Exercise
Only the text belongs in the copy. Transcribe the data exactly and drop any pictures.

Material provided
=====

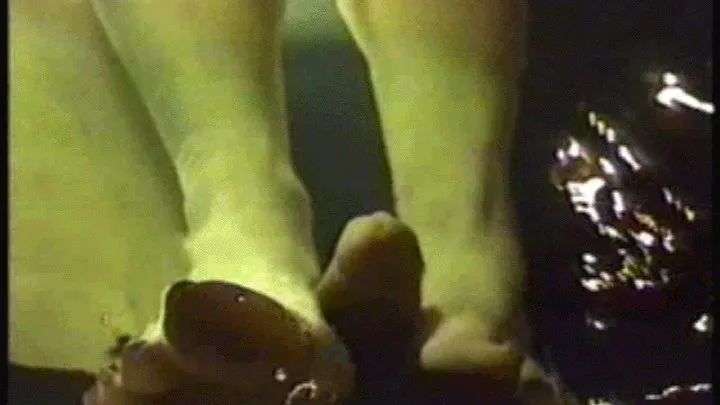 Psychedelic Foot Job!!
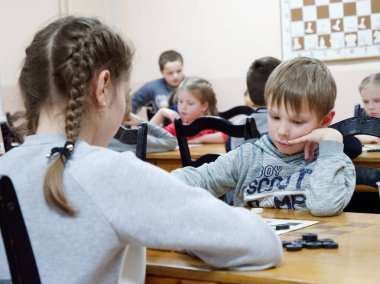 Gomel, Belarus - 29 Aralık 2019: Erkekler ve kızlar arasındaki satranç müsabakası.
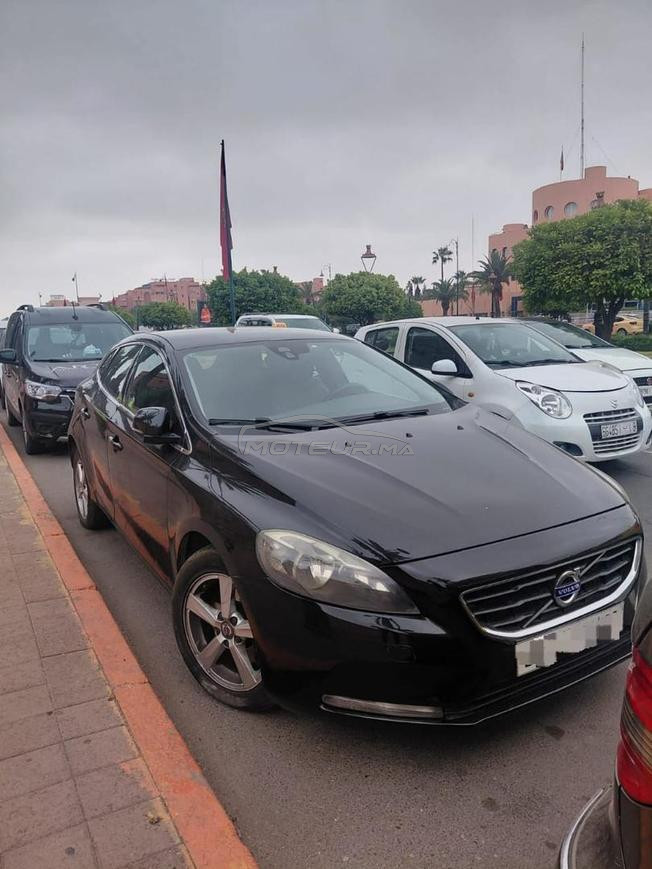 volvo v40 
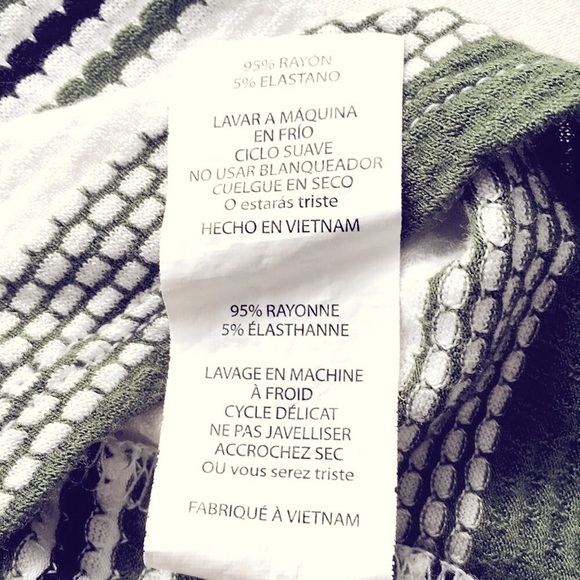 𝅺LULAROE Green White Striped Size Small Top - Picture 7 of 7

=====

Exercise response
 Psychedelic Foot Job!!
 Gomel, Belarus - 29 Aralık 2019: Erkekler ve kızlar arasındaki satranç müsabakası.
 volvo v40 
 𝅺LULAROE Green White Striped Size Small Top - Picture 7 of 7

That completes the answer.